• _Problem to solve_: Leave out every picture, then transcribe the rest of the listing exactly.

• _Data extract_:
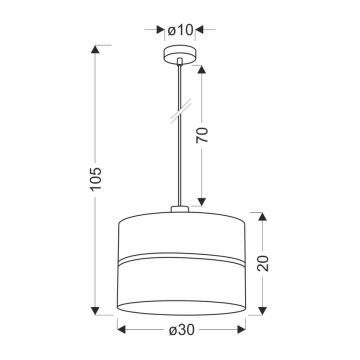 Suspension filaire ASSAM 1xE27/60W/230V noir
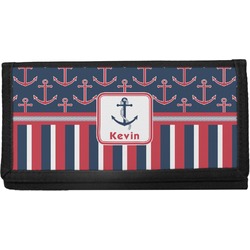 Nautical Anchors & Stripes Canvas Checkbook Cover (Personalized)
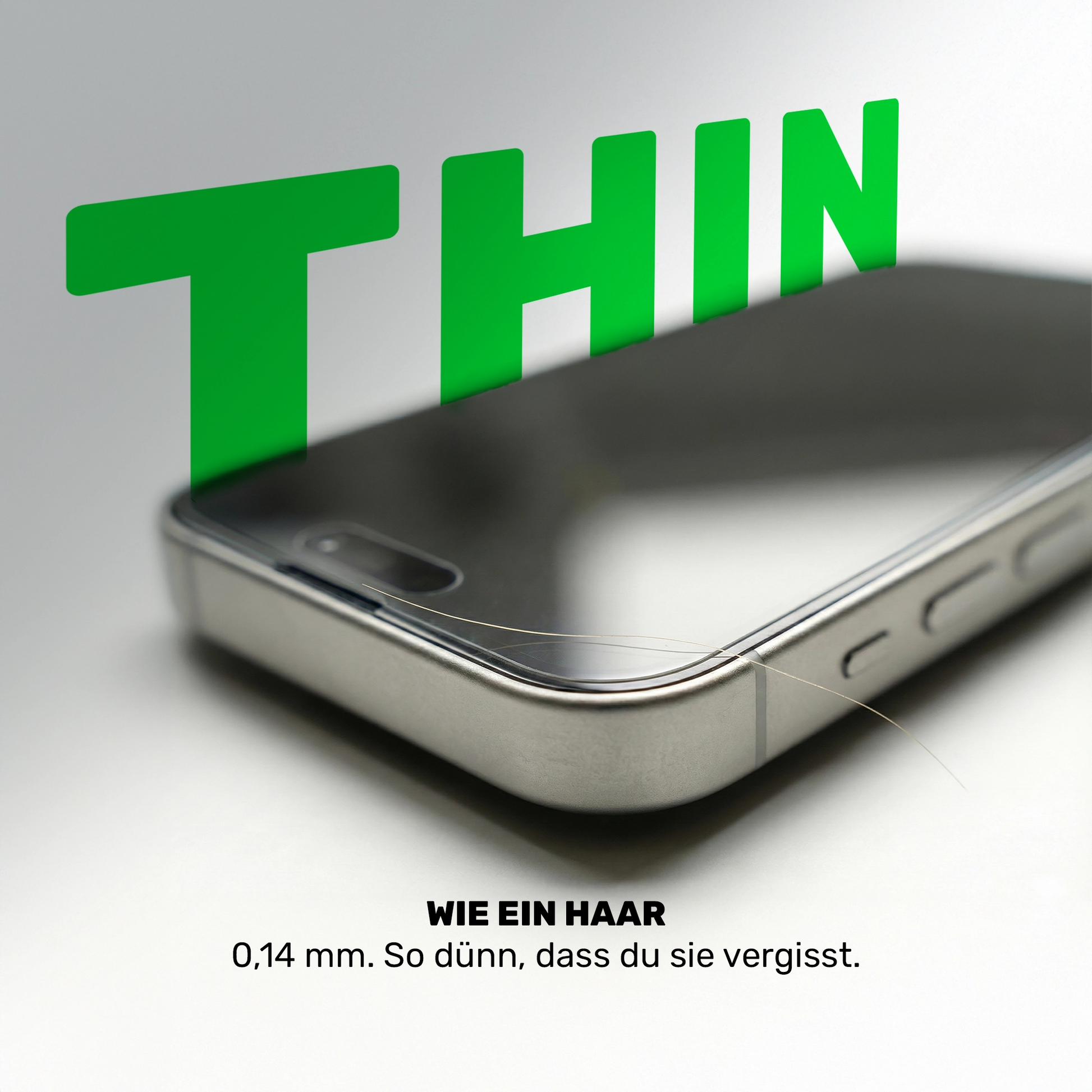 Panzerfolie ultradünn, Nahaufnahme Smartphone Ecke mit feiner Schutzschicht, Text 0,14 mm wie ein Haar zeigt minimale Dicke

• _Answer_:
 Suspension filaire ASSAM 1xE27/60W/230V noir
 Nautical Anchors & Stripes Canvas Checkbook Cover (Personalized)
 Panzerfolie ultradünn, Nahaufnahme Smartphone Ecke mit feiner Schutzschicht, Text 0,14 mm wie ein Haar zeigt minimale Dicke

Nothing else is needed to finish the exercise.